Today, Ella Mae looks sprightly, pleased and well-groomed. She sports a black coat and is quick to protest when another dog in the reception area gets a treat.
“She is a shining example of what makes this place so wonderful,” Stadler said.
But staff’s efforts to make do with an outdated facility weren’t enough to satisfy the City of Mountain View, which decided last year to withdraw from its 18-year partnership with the Animal Services Center, citing the building’s seismic deficiencies and its long list of needed repairs. The Mountain View City Council opted to contract with the Silicon Valley Animal Control Authority once its contract with Palo Alto expires in 2014. This decision will decrease Palo Alto’s annual revenues by about $450,000 — a tough blow for an operation with an annual budget of about $1.7 million.
Changes could be afoot for the Animal Services Center, if Palo Alto were to pursue a land swap with local car dealerships.
The city’s Infrastructure Blue Ribbon Commission in December recommended moving the center to a city-owned site near the former Los Altos Sewage Treatment Plant at the end of San Antonio Road, just a short stroll south of the existing Municipal Services Center. The site, Stadler said, could potentially be a “phenomenal location” for the animal operation, though she noted that the plan is still far in the distance.

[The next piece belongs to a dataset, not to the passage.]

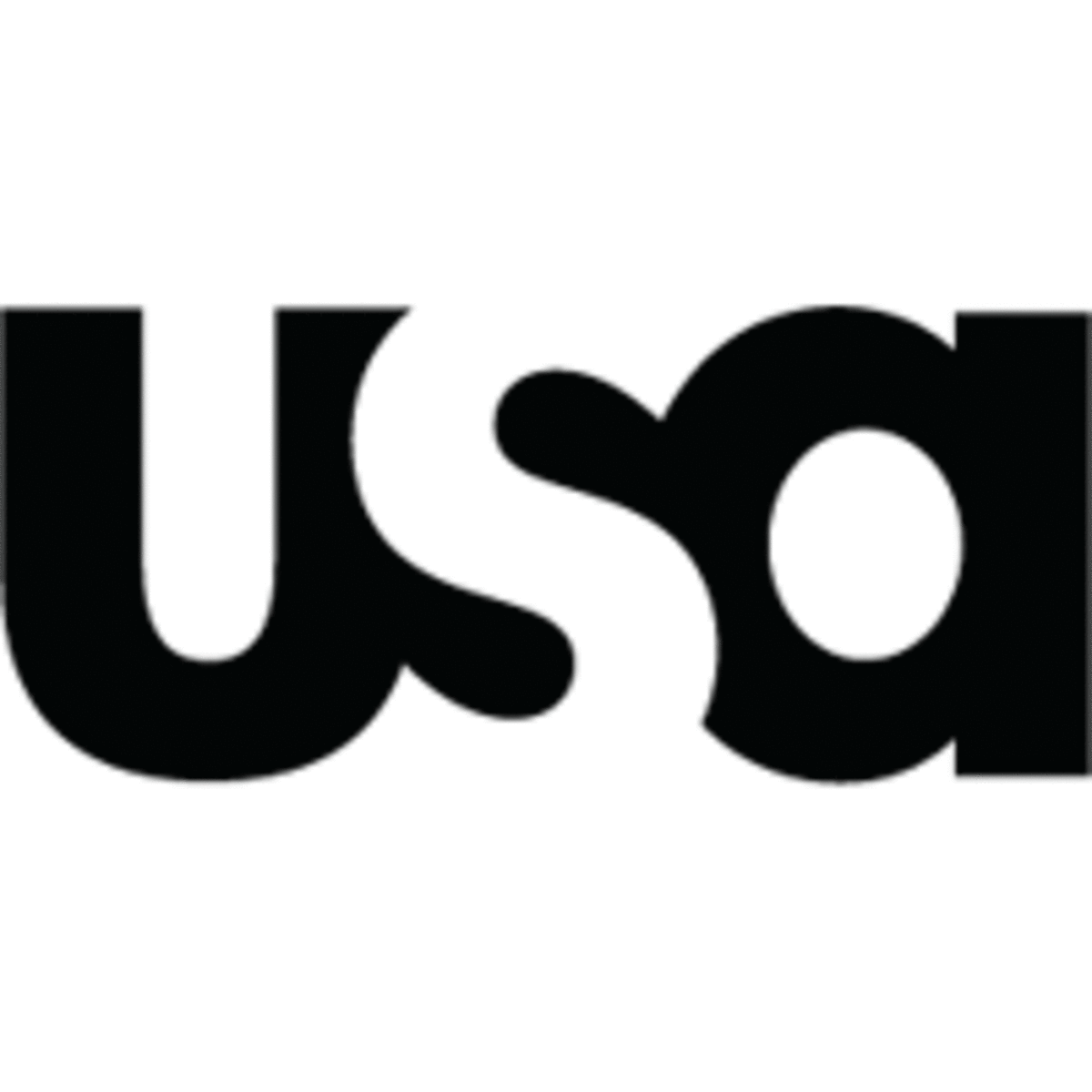 USA Network Logo - USA Network Taps Carlton Cuse For New Pilot - Multichannel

While moving the Animal Services Center to the sewage-treatment plant site is one option, another one is scrapping the operation altogether. The Infrastructure Blue Ribbon Commission report states that in light of Mountain View’s recent decision to withdraw from the partnership, Palo Alto “needs to take this loss of revenue into account while also considering the option of obtaining its animal services through Santa Clara County or the Silicon Valley Animal Control Authority, as other cities do.”